As our state government systematically lays our public school system to waste by starving it of resources and diverting some of what’s left to a privatized charter school system, Guilford County gets a much-needed lift from a nonprofit out of upstate New York.

Say Yes to Education is a great idea: a nonprofit that, one community at a time, creates a fund intended to help the students of that area pay for college. Guilford County was accepted into the program last week after amassing $32.5 million of the $70 million necessary to start a fund.

Early money came from individuals — some of whom wished to remain anonymous — philanthropic foundations and private corporations.
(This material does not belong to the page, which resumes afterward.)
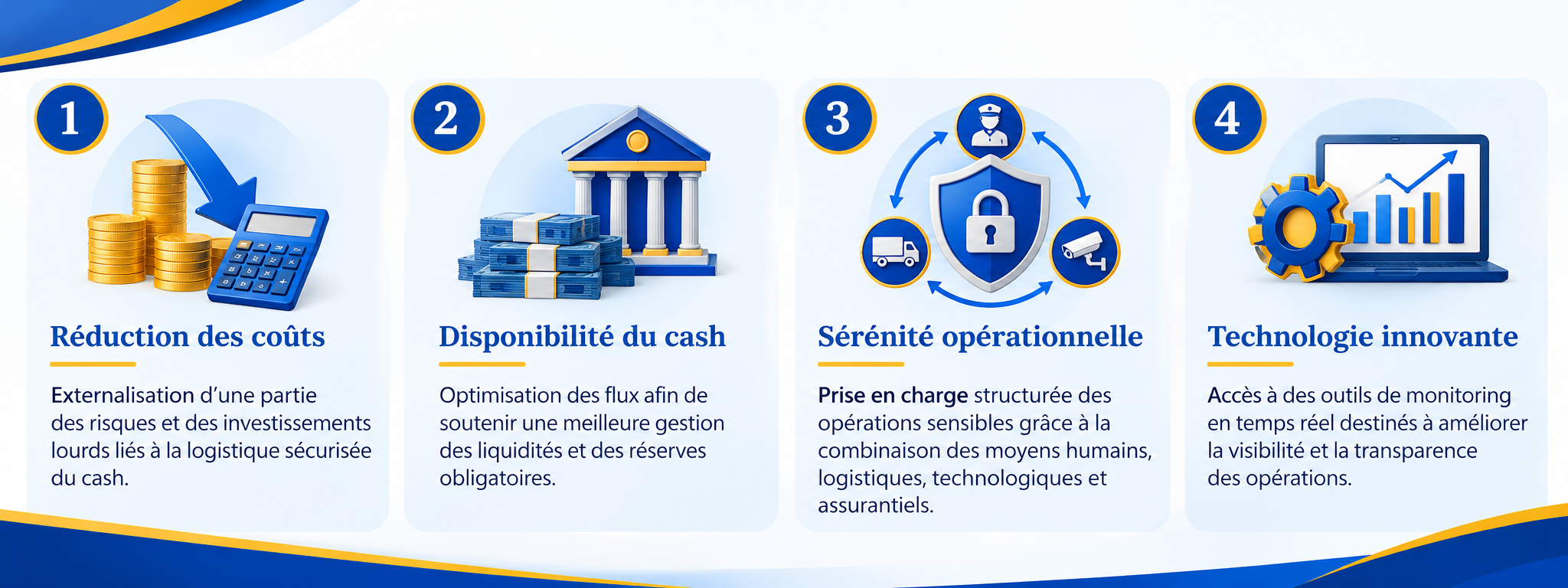 Les piliers de notre approche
And it couldn’t come at a better time.

Across the Triad and the rest of the state, students have been grapping with the high cost of tuition — the UNC System has seen two tuition increases since 2011. And there are not enough advanced-degree holders in the county to fill some of the new jobs being created there, particularly in nanotechnology and aerospace.
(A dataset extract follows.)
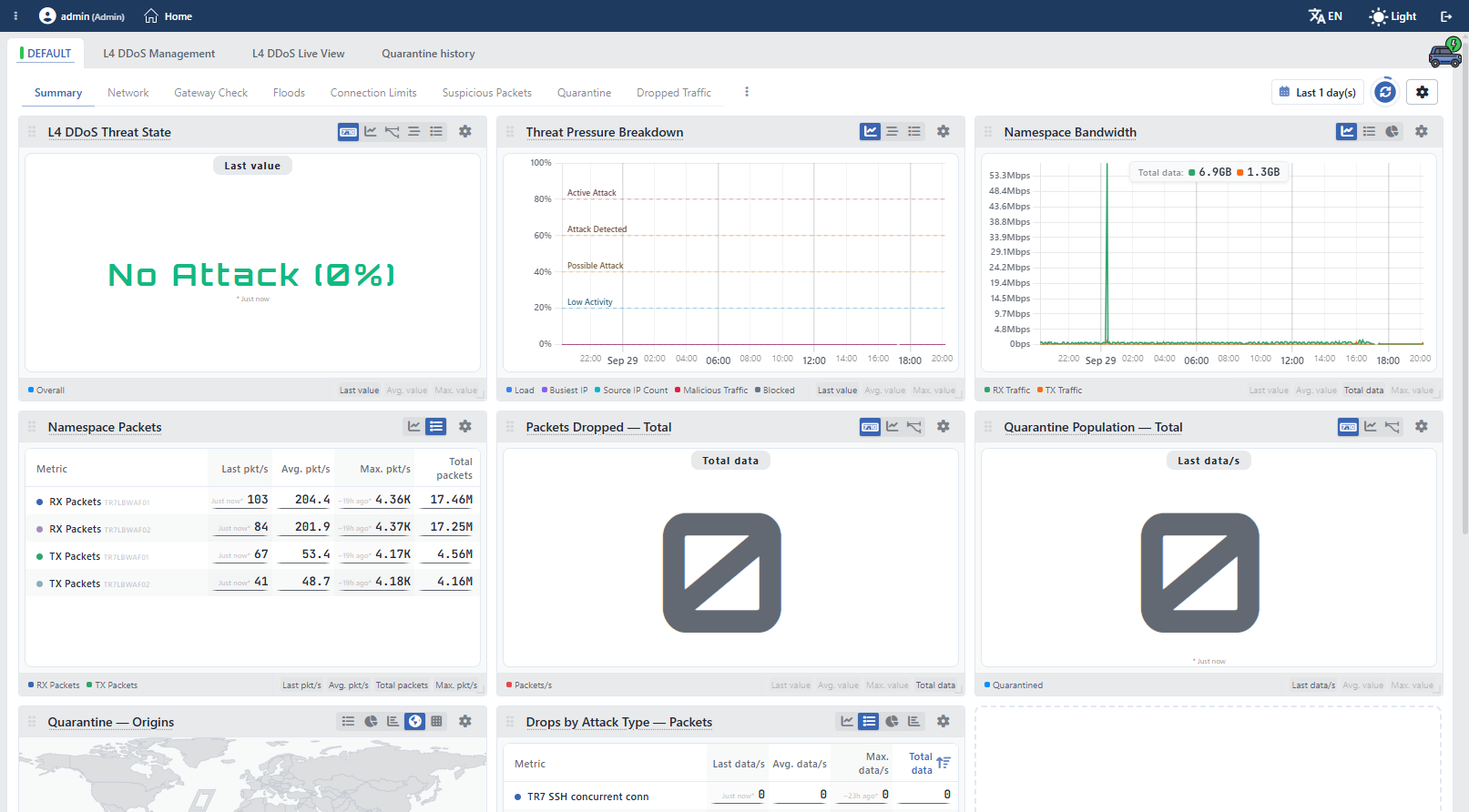 Route Tables & L4 DDoS Dashboard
Though there are seven colleges and universities in Guilford County as well as a law school and a community college, just a third of its residents have advanced degrees, more than in the rest of the state but significantly below the national average of 40 percent.

Say Yes directly addresses that deficit.

But more than these immediate benefits, Say Yes to Education acknowledges that the entire community benefits from an educated populace. It emphasizes the importance of education in a state that often seems to marginalize it. It pushes students back towards public education — only Guilford County Schools students are eligible for the grants — at a time when people are turning away from this important resource. And even more, it gives a path to higher education to thousands of kids who otherwise might not be able to attain it.

A person with a college degree will — on average over her working life — earn $1 million more than a person without, and each year the price of tuition moves even further out of reach for most of the people in Guilford County, where a year at a state school is equal to 15 percent of its median household income.

More than just lip service, Say Yes actually does something to support those kids as they pursue their potential, giving them — and their parents — a gift of hope.

And until working people are paid enough to send their kids to college like they did just a couple generations ago, Say Yes is a necessary bridge.